Monica believed in monsters. Because she’d met some. She believed you fight them, not because you’re a hero, not because it’s awesome—but because you have to. And odds are, the monster beats you anyway. To a pulp or to a draw. Those are your options. Somehow Monica made that sound epic instead of terrifying. Gorillas got us philosophical, I guess.
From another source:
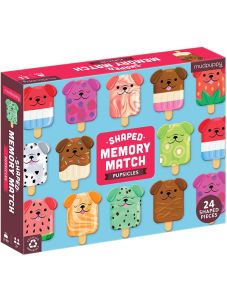 Мемори игра с форма Mudpuppy - Сладоледи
They don’t “talk” the way we do, but gorillas are just as sophisticated, and way more straightforward. Now, I say gorillas, and it conjures up all the brochure photos: gorillas grooming, gorillas playing, the stuff zoo-goers pay good money to see. But from Keeper Access? Where I worked? I didn’t see gorillas. I saw personalities. There was Blue, our resident manic pixie dream gorilla, doing spur-of-the-moment headstands and offering a bite of mango to anybody, ape or human, who looked hungry. There was Magic Mike, the scrawny beta male, the clown, the comedian—strutting, then tripping, maybe on purpose, maybe not. I loved those gorillas. I knew them.
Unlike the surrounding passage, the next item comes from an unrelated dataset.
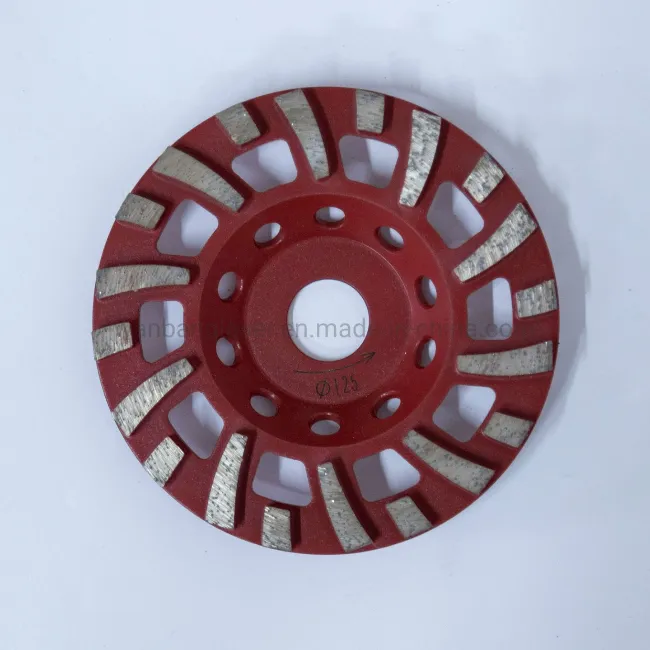 Disco de molienda de diamante de dientes pequeños para un rápido pulido de suelos de concreto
And then there was Asshole.

Not his real name. I mean, jeez, who knew his real name? Something in Gorillese, something blunt and grunty you shouldn’t argue with. He was the alpha male, the biggest, the strongest. The silverback. The zoo called him Jollof. Why, I don’t know. In West Africa, jollof is a popular savory rice dish. In the Lowlands, it was the vastest asshole known to ape- or humankind.
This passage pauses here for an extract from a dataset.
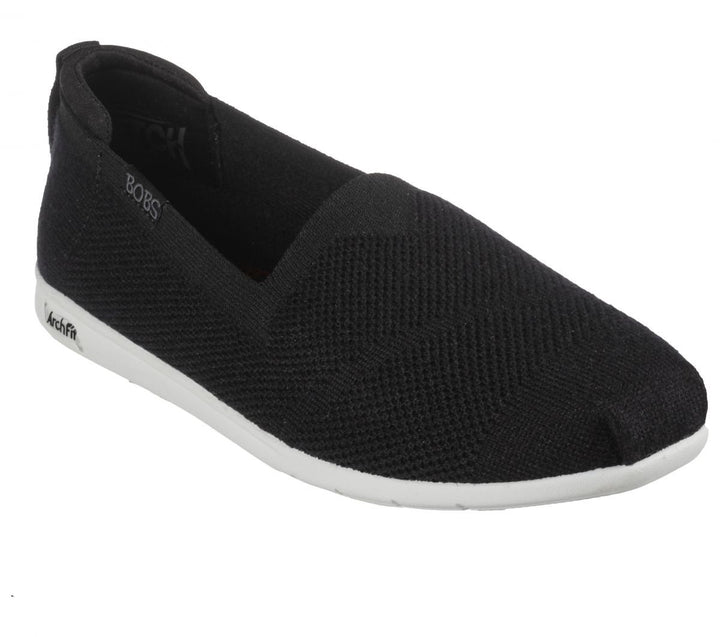 Skechers Womens Arch Fit Plush - Breezy Babe Slip-On Black - 114109-BLK BLACK Image 2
Jollof was definitely a monster by Monica’s definition—by any definition—and Jollof, with precious few exceptions, did indeed win. He’d hoard all the treats distributed to the troop, and when he’d finished stuffing himself, he’d crush or stomp or spoil most of what was left so no one else could have any. Classy. He’d randomly attack the other males, totally unprovoked—a bite out of nowhere, a casual swat (that probably felt like a full-tilt pile drive from the Chargers’ defensive line) just to remind them who was boss. Jollof would also mount any and every female at the drop of a banana. And he wasn’t much of a romantic, let’s leave it at that. But all that chest-beating alpha shit? (Literal shit—’cause throwing shit is a varsity sport among primates, and Jollof was a star quarterback.) It wasn’t a character flaw. It’s who he was. His job, his place. What evolution built. Nature made a monster, and it was my job to feed it.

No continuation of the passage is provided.